▶ _PROVIDED RECORDS_
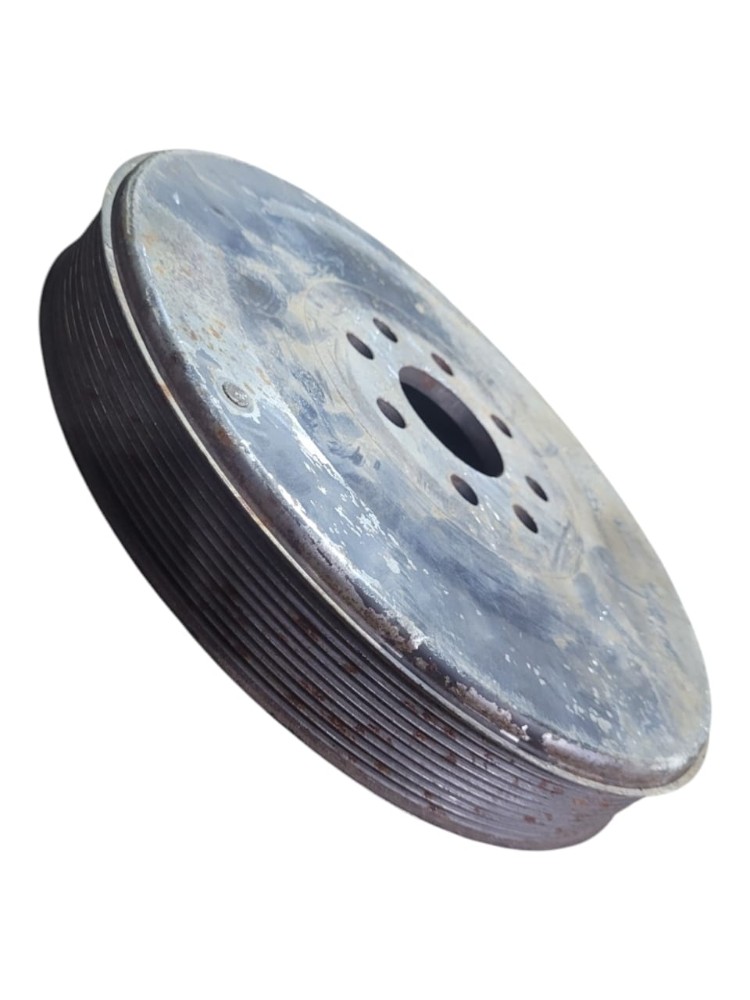 Polia Anti Vibratoria Motor Scania D13 Ntg 2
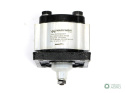 Pompa hydrauliczna zębata 1.0cm3 (grupa 1 - typ europejski) wałek 1:8 przyłącza gwintowane (obroty prawe) max.250 bar Waryński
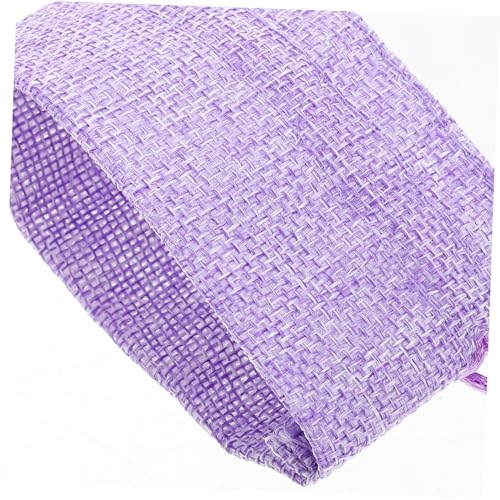 Bolsas de Saco de Lavanda 10pcs para Almacenaje Aromático miniatura 3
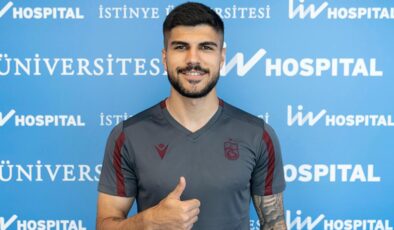 Trabzonspor KAP’a bildirdi! Eren Elmalı, Doğucan Haspolat ve Jens Stryger Larsen’in maliyetleri…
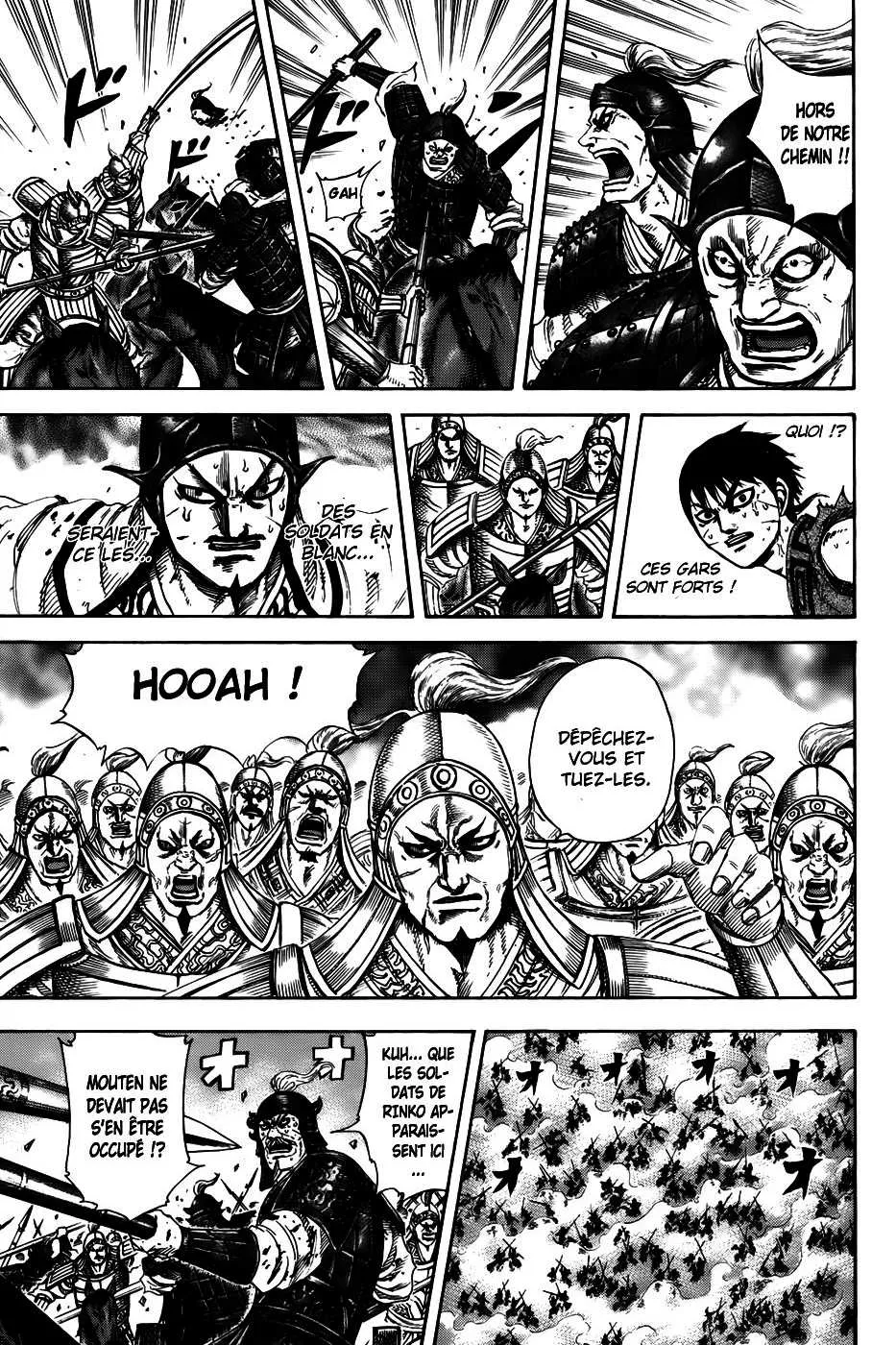 Read Kingdom vf Manga Online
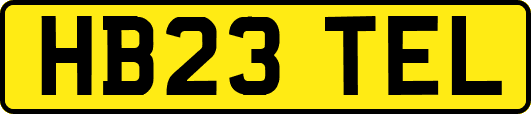 HB23TEL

▶ _ABOUT THIS TASK_
Copy everything in the listing above exactly except the pictures.

▶ _RESULT OF THIS TASK_
 Polia Anti Vibratoria Motor Scania D13 Ntg 2
 Pompa hydrauliczna zębata 1.0cm3 (grupa 1 - typ europejski) wałek 1:8 przyłącza gwintowane (obroty prawe) max.250 bar Waryński
 Bolsas de Saco de Lavanda 10pcs para Almacenaje Aromático miniatura 3
 Trabzonspor KAP’a bildirdi! Eren Elmalı, Doğucan Haspolat ve Jens Stryger Larsen’in maliyetleri…
 Read Kingdom vf Manga Online
 HB23TEL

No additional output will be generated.